[[ COLLECTED MATERIAL, beginning ]]

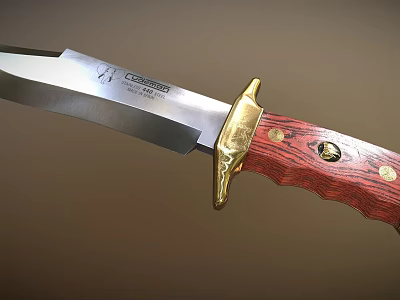 Vintage Hunting Knife With Silver Blade Golden Guard And Red Wooden Handle 3d model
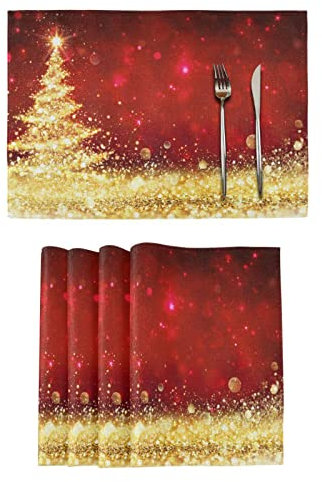 Weihnachten Tischsets Set 4 Weihnachten Tischsets Glänzender Weihnachtsbaum Golden Glitzer Rot Hitzebeständig Rutschfest Weihnachten Party Platzsets Dekoration für Küche Zuhause Urlaub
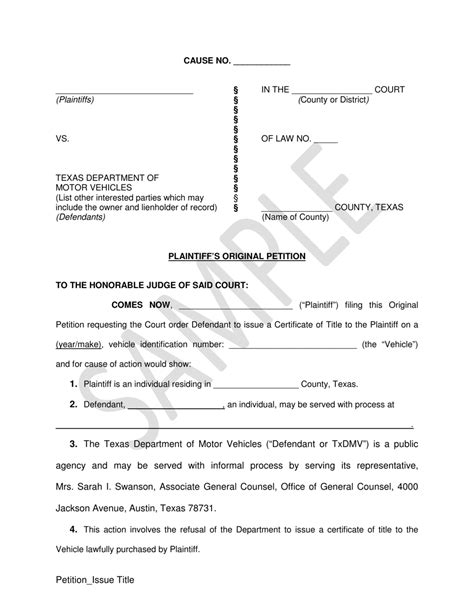 Texas Plaintiff's Original Petition - Issue Title - Sample - Fill Out, Sign Online and Download ...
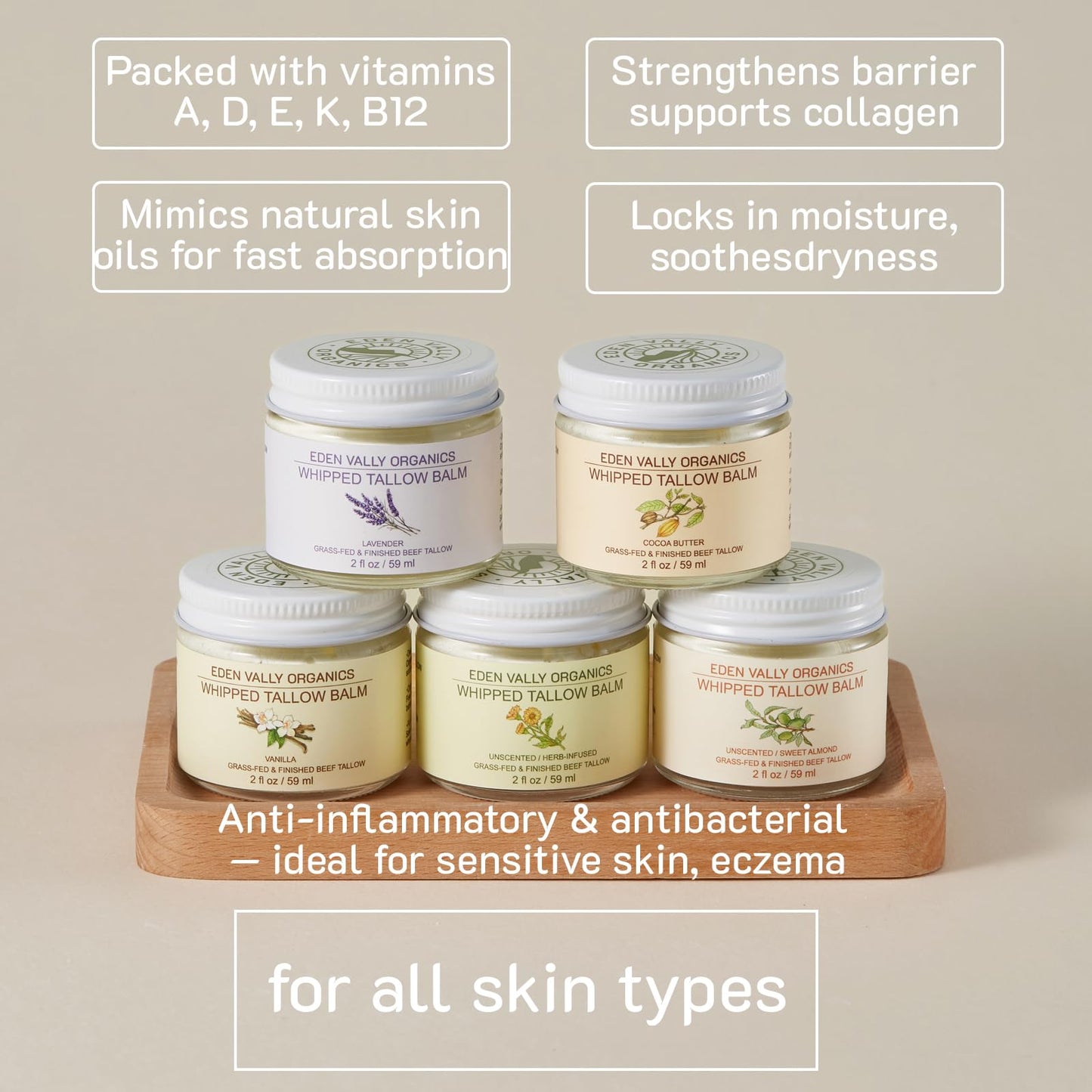 100% Grass-Fed Beef Tallow Whipped Moisturizer – Organic Cocoa Butter & Olive Oil Body Butter – Natural Cocoa Scented Skincare with Vitamins A, D, E, K – Face, Body, Baby, Eczema Relief, 2 fl oz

[[ COLLECTED MATERIAL, end ]]

TASK DETAILS :: Every line of the listing above is to be repeated exactly, with its pictures left out.

WRITTEN ANSWER ::
 Vintage Hunting Knife With Silver Blade Golden Guard And Red Wooden Handle 3d model
 Weihnachten Tischsets Set 4 Weihnachten Tischsets Glänzender Weihnachtsbaum Golden Glitzer Rot Hitzebeständig Rutschfest Weihnachten Party Platzsets Dekoration für Küche Zuhause Urlaub
 Texas Plaintiff's Original Petition - Issue Title - Sample - Fill Out, Sign Online and Download ...
 100% Grass-Fed Beef Tallow Whipped Moisturizer – Organic Cocoa Butter & Olive Oil Body Butter – Natural Cocoa Scented Skincare with Vitamins A, D, E, K – Face, Body, Baby, Eczema Relief, 2 fl oz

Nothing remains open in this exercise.